The Ty5 is a type of retrotransposon native to the Saccharomyces cerevisiae organism.

The Saccharomyces cerevisiae retrotransposon Ty5

Ty5 is one of five [1] endogenous retrotransposons native to the model organism Saccharomyces cerevisiae, all of which target integration to gene poor regions. Endogenous retrotransposons are hypothesized to target gene poor chromosomal targets in order to reduce the chance of inactivating host genes.[2] Ty1-Ty4 integrate upstream of Pol III promoters, while Ty5 targets integration to loci bound in heterochromatin.[3] In the case of Ty5, this likely occurs by means of an interaction between the C-terminus of integrase and a target protein.[4] The tight targeting patterns seen for the Ty elements are thought to be a means to limit damage to its host, which has a very gene dense genome.[5] Ty5 was discovered in the mid 1990s in the laboratory of Daniel Voytas at Iowa State University.[6] Ty5 is used as a model system by which to understand the biology of the telomere and heterochromatin. The Ty5 retrotransposon is used as a genetic model to study the architecture and dynamics of the telomeres and heterochromatin.[7]

Yeast heterochromatin and Ty5.

Heterochromatin in S. cerevisiae is composed of a wide array of proteins and plays several roles. The first stage of heterochromatin formation requires DNA binding proteins, which interact with specific cis DNA sequences at the telomeres, rDNA and HM loci. These proteins, including Rap1p and the origin recognition complex (ORC), serve as a platform for other proteins to bind, condense the DNA, and modify neighboring histones. Some of these proteins, notably Rap1p, also play other roles, including initiation of transcription. The first known step in the formation of dedicated heterochromatin is the binding of Sir4p to Rap1p (Luo, Vega-Palas et al. 2002). Sir4p is one of four ‘Silent Information Regulator’ proteins that also include Sir1p, Sir2p and Sir3p. Of these, Sir2p, Sir3p and Sir4p form the core of heterochromatin.[8] Sir4p serves as a binding site for Sir2p, which is the next to bind. Sir2p deacetylates adjacent histones, which is thought to further condense the chromatin and prevent the binding of other transcription promoting histone modification enzymes.[9] Sir3p binding follows, further condensing the heterochromatin. Sir1p plays a role in the initiation of silencing at the HM loci. A large number of other proteins act in both a synergistic and antagonistic manner.[10]

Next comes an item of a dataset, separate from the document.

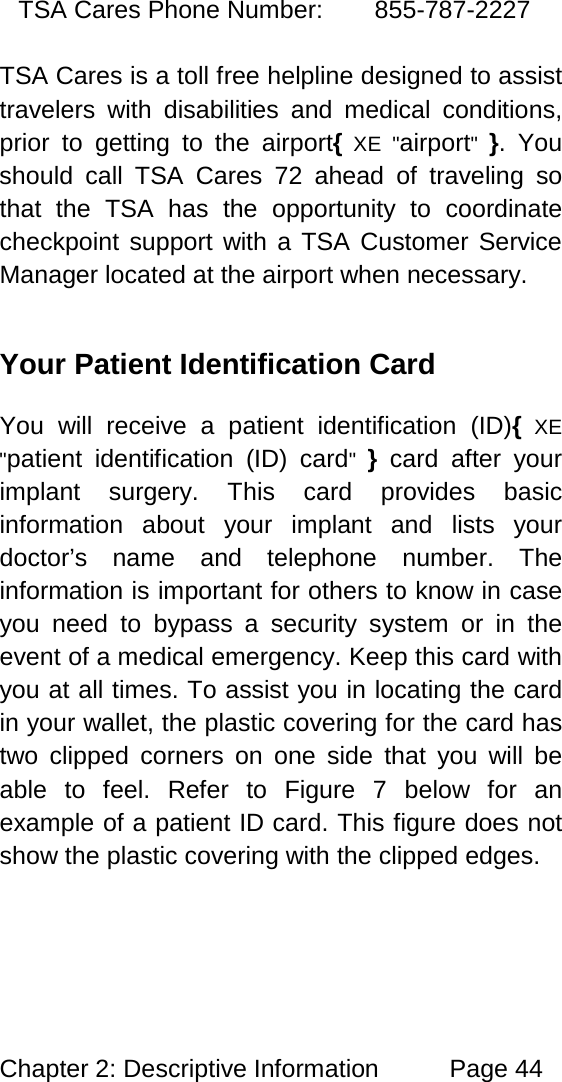 Chapter 2: Descriptive Information Page 44 TSA Cares Phone Number: 855-787-2227 TSA Cares is a toll free helpline designed to assist travelers with disabilities and medical conditions, prior to getting to the airport{ XE "airport" }. You should call TSA Cares 72 ahead of traveling so that the TSA has the opportunity to coordinate checkpoint support with a TSA Customer Service Manager located at the airport when necessary. Your Patient Identification Card You will receive a patient identification (ID){ XE "patient identification (ID) card" } card after your implant surgery. This card provides basic information about your implant and lists your doctor’s name and telephone number. The information is important for others to know in case you need to bypass a security system or in the event of a medical emergency. Keep this card with you at all times. To assist you in locating the card in your wallet, the plastic covering for the card has two clipped corners on one side that you will be able to feel. Refer to Figure 7 below for an example of a patient ID card. This figure does not show the plastic covering with the clipped edges.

Early work characterizing Ty5 targeted transposition focused on two fronts: identifying the component of Ty5 responsible for targeting and identifying the factor with which it interacted. Due to the central role of the Sir proteins in heterochromatin formation, they were initially considered as potential targeting signals. Because integration is mediated by the retrotransposon integrase enzyme, it was speculated to contain a component that would recognize heterochromatin. The C-terminus of the Ty retrotransposon’s integrase contains an extension not seen in the retroviruses. This region is also not conserved between Ty1 and Ty5, whereas the rest of the integrase is, suggesting that this divergence could be responsible for the different targeting of the yeast Ty elements. A mutation was identified in the integrase C-terminus that randomized Ty5 integration, suggesting that this region of integrase was in fact involved in targeted transposition.[4]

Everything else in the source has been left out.